Si aggrava sempre di più la posizione del prefetto Franco La Motta, ex numero due dell'Aisi, il servizio segreto civile, e prima ancora direttore del Fec, il Fondo edifici di culto del Viminale. Indagato a Roma per la sparizione di dieci milioni di euro del Fec affidati a due riciclatori della camorra (Eduardo Tartaglia e Rocco Zullini), e a Napoli per aver favorito il clan Polverino, rivelando notizie riservate sulle indagini della Procura antimafia di Napoli.
Peculato, riciclaggio, favoreggiamento. Sono questi i reati dai quali La Motta si dovrà difendere. Ma intanto dalle carte della Procura di Napoli viene fuori l'esistenza di una associazione a delinquere al servizio del clan camorrista che vede tra i protagonisti i due riciclatori, il produttore cinematografico Tartaglia e il broker che opera a Lugano Zullino, fermati martedì scorso.
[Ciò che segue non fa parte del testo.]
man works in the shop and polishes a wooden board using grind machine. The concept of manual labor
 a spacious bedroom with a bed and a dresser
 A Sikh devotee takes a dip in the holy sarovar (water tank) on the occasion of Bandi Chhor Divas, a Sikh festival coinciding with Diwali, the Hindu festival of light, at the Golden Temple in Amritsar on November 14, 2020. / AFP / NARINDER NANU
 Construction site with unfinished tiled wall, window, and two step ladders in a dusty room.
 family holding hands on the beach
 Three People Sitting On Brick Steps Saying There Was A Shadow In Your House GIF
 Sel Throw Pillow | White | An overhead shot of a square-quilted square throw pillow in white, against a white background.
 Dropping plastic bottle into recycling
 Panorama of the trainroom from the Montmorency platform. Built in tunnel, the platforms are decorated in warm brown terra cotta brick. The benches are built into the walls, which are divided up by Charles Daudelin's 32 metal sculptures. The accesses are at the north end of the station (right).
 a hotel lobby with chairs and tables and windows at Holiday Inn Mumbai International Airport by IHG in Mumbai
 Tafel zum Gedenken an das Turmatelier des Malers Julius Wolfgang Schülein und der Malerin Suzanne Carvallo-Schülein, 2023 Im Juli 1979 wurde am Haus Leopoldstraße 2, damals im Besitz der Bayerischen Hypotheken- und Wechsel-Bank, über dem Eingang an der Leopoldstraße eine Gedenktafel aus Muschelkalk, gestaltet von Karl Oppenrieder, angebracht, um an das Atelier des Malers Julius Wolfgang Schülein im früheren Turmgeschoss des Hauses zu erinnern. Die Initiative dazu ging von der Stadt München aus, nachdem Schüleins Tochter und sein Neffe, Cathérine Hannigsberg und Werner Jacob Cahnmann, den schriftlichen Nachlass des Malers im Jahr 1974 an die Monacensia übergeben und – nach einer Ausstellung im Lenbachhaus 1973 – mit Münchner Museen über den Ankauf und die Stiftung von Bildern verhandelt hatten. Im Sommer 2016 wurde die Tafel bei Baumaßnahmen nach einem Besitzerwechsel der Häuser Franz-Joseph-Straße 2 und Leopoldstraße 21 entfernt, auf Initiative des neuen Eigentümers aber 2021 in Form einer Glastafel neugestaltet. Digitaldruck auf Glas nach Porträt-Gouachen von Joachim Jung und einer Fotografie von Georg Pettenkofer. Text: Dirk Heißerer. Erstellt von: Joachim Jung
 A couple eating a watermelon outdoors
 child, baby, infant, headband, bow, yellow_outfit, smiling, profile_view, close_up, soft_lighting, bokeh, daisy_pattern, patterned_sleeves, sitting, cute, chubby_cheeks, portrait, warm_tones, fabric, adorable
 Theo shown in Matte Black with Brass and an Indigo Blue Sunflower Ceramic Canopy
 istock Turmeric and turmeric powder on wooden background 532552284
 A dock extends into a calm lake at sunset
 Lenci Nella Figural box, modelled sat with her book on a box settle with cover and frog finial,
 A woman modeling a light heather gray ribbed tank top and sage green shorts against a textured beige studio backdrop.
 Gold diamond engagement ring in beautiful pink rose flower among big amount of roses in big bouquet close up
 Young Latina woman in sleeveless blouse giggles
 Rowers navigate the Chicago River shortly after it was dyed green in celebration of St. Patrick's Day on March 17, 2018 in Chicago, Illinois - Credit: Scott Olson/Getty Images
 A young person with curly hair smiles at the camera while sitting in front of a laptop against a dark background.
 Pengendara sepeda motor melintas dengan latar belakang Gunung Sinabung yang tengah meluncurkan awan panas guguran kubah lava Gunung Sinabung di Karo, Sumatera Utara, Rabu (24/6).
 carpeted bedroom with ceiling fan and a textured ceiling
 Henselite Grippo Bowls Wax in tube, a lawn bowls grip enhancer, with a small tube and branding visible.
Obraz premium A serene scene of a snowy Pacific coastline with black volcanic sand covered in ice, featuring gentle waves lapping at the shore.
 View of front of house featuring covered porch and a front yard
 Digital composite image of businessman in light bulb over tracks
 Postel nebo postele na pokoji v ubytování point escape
Quella che viene ritenuta dai pm napoletani «la mente dell'associazione», Klaus Georg Beherend, «in pensione dopo 25 anni nel settore creditizio», interrogato dai pm mette a verbale una settimana fa: «Conosco Eduardo Tartaglia che è cugino di mia moglie. A un certo punto mi ha chiesto di compiere alcune operazioni su dei moduli cartacei che egli mi forniva: in particolare il Tartaglia iniziò a portarmi dei fogli contenenti la rappresentazione di posizioni finanziarie su carta intestata della "Hottinger Associés Lugano", chiedendomi di scannerizzare questi fogli e di modificare le poste interne per ottenere modifiche dei saldi».
A Behrend, gli inquirenti fanno ascoltare diverse intercettazioni nelle quali discute con Tartaglia di «operazioni finanziarie, di operazioni di valore di mercato di titoli, di storno di operazioni, di nomi in codice di conti correnti».
Al cugino acquisito del produttore cinematografico, gli investigatori hanno sequestrato una pen drive con diversi files, tra cui uno intestato ad «Aisi Roma», l'acronimo del servizio segreto civile dove il prefetto La Motta ricopriva la carica di vicedirettore vicario.
Spiega ancora Beherend: «Dovevo far risultare un rendimento dell'investimento sulla base del 3% annuo e, dunque, di circa lo 0,75% trimestrale a prescindere dall'andamento dei mercati che in quel periodo erano in discesa. Facevo questo per tranquillizzare i clienti ed evitare richieste di rientro del capitale». Tra i clienti c'erano il clan Polverino e il Viminale. Ma i 10 milioni di euro investiti dal prefetto La Motta che fine hanno fatto?